DEC-T Support for Tank Farm

M. Glass
21 May 1984

The tank farm is supported through a special CAMAC card that resides in slot 19 of crate DE (at CHL) on Dec-T. This card is described in the "082 Module Tank Farm Interface" writeup by Bob Ducar. All Dec-T communication with the tank farm goes through this card.

There are two ways an application program can access the tank farm: through an aggregate device or through individual devices.

There is one aggregate device that provides all the tank farm readings (valve positions, temperature, and pressure) for all 13 tanks. This device is used by the special tank farm page. It has only a reading property; its sole purpose is to conveniently read the whole shebang without loading down data acquisition facilities. Since tank farm logging will use its own special display program I think this device will be used for logging also.

There are also 65 individual devices, one per valve, temperature, or pressure, that provide a single reading each. These devices are used for parameter page display. They may also support alarm block properties if such become desirable. All valves are moved by writing to the setting property of the appropriate device.

The information in this document is of use to two people: the person writing the application and the person entering the data base information.
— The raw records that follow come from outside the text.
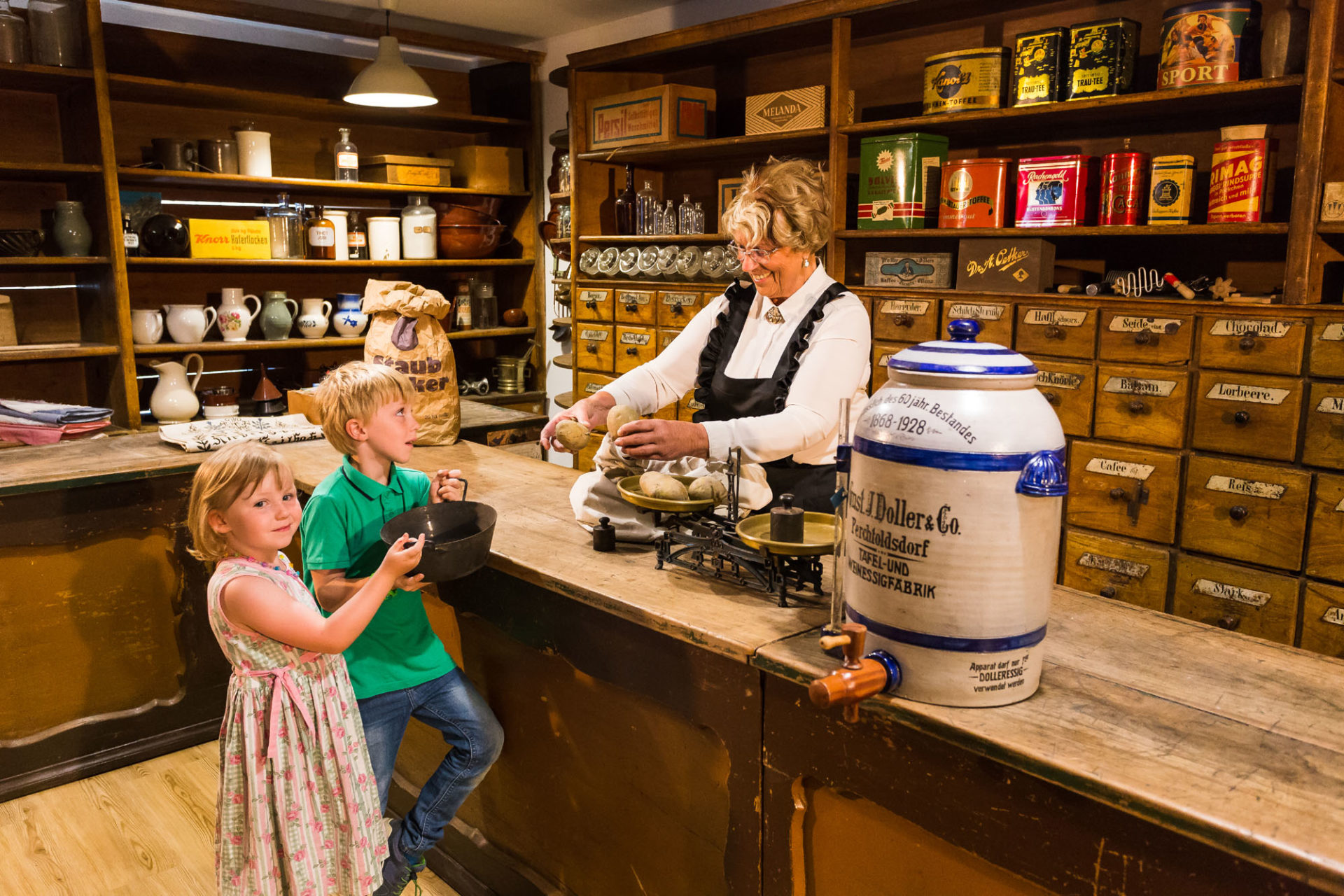 alter Verkaufsladen mit Holzladen im Hintergrund, eine Frau verkauft 2 Kindern Kartoffeln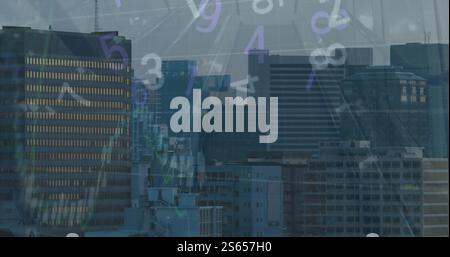 Image of numbers changing and diagrams over cityscape Stock Photo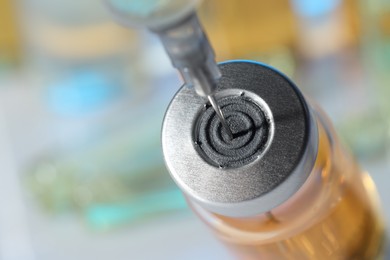 Filling syringe with orange medication from glass vial against blurred background, closeup. Space for text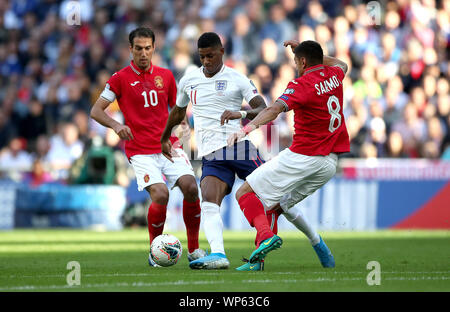 Dell'Inghilterra Rashford Marcus (centro) battaglie per la palla con la Bulgaria Ivelin Popov (sinistra) e Georgi Sarmov (a destra) durante l'Euro 2020 qualifica del Gruppo una partita allo stadio di Wembley, Londra. Foto Stock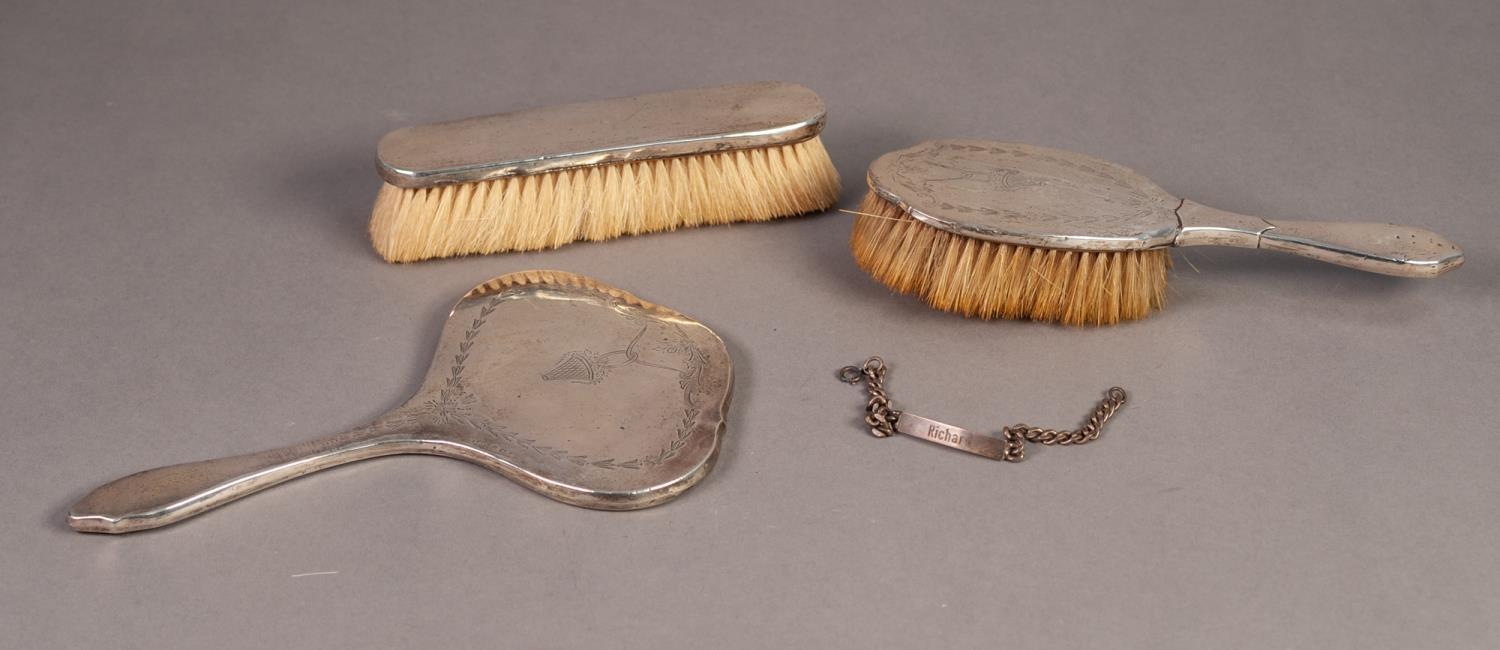 GEORGE V SILVER BACKED DRESSING TABLE HAND MIRROR AND MATCHING HAIRBRUSH, engraved with floral
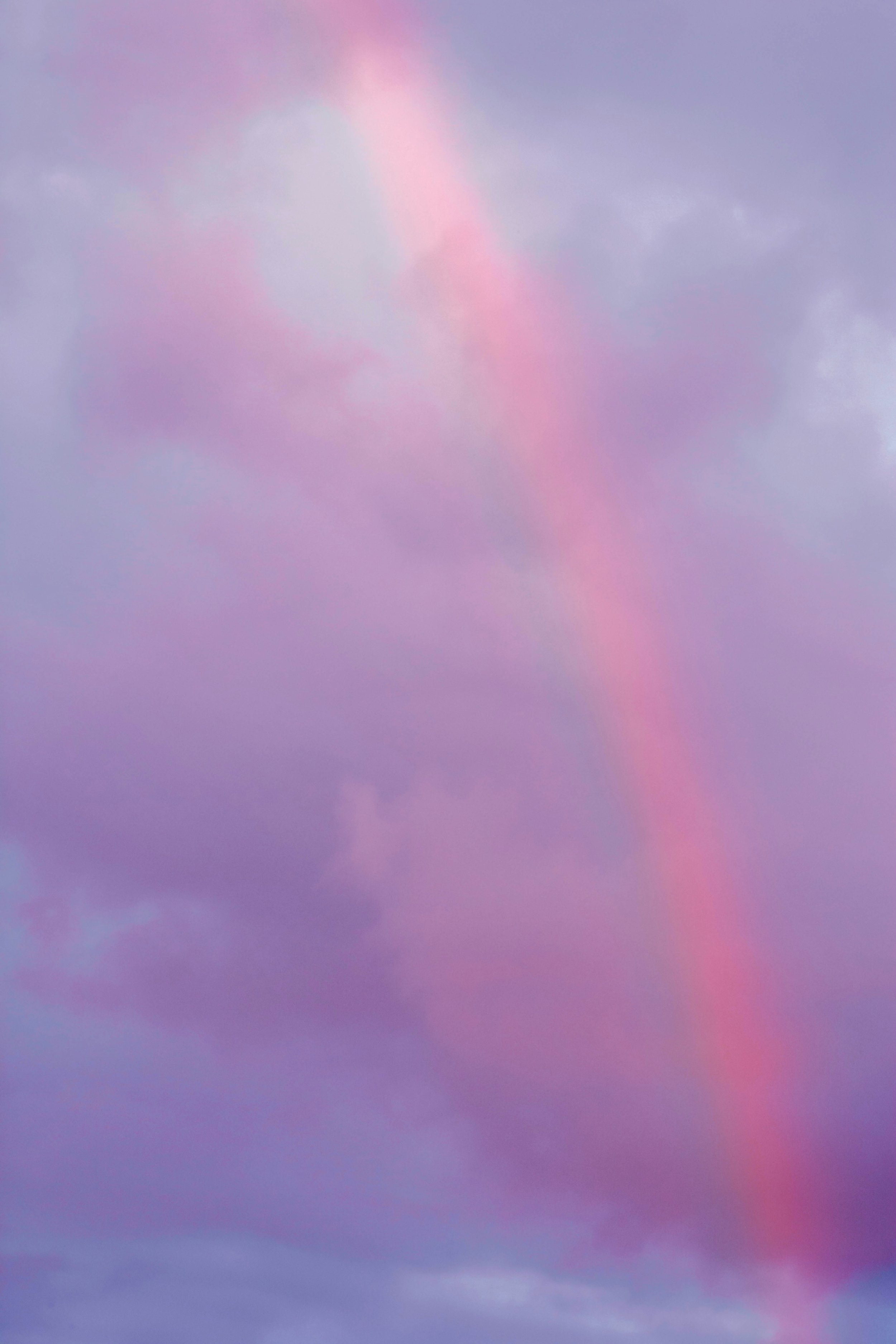 Pink and purple rainbow across cloudy sky.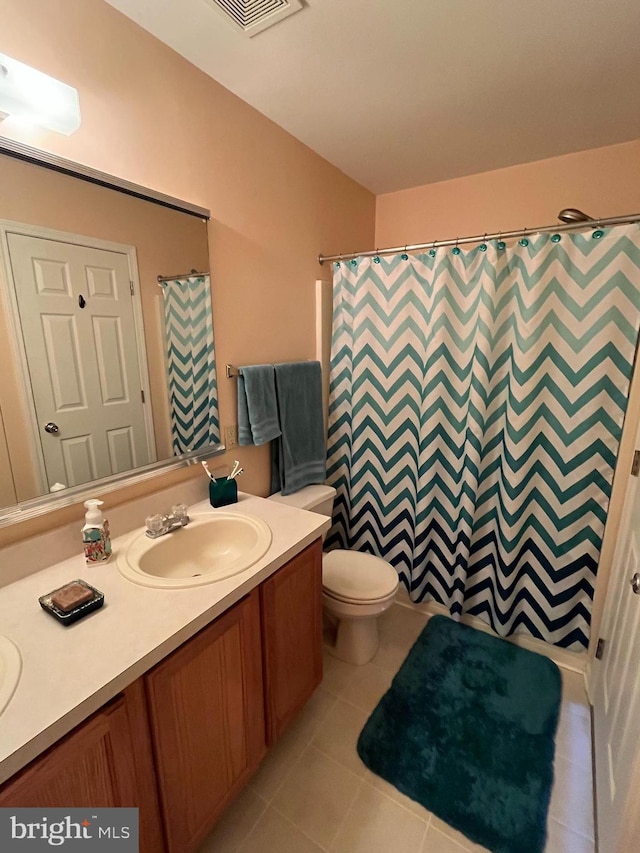 full bathroom with visible vents, vanity, tile patterned floors, toilet, and a shower with shower curtain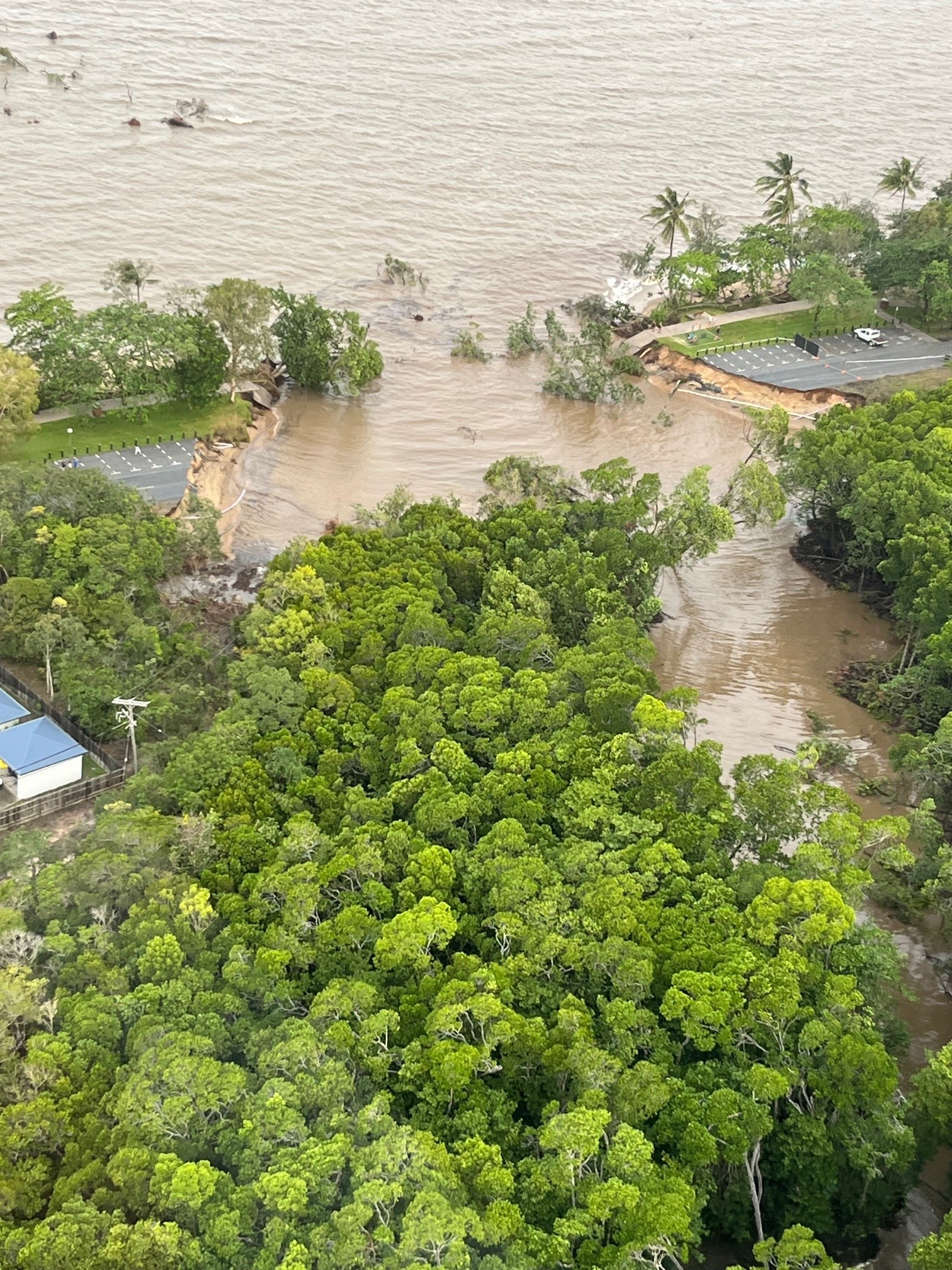 Aerial view of Holloways Beach road washed away by floods.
I can think of only items that these people need that I cannot provide in this document:

  1. Scaling information needed to convert the raw binary reading to human readable values in degrees kelvin, percent open, and PSIG. Ducar's memo is of some help here, the CHL controls people also need to be consulted
  2. Device names need to be decided by the CHL programmer. He should run them by someone in the controls group before they are entered into the data base.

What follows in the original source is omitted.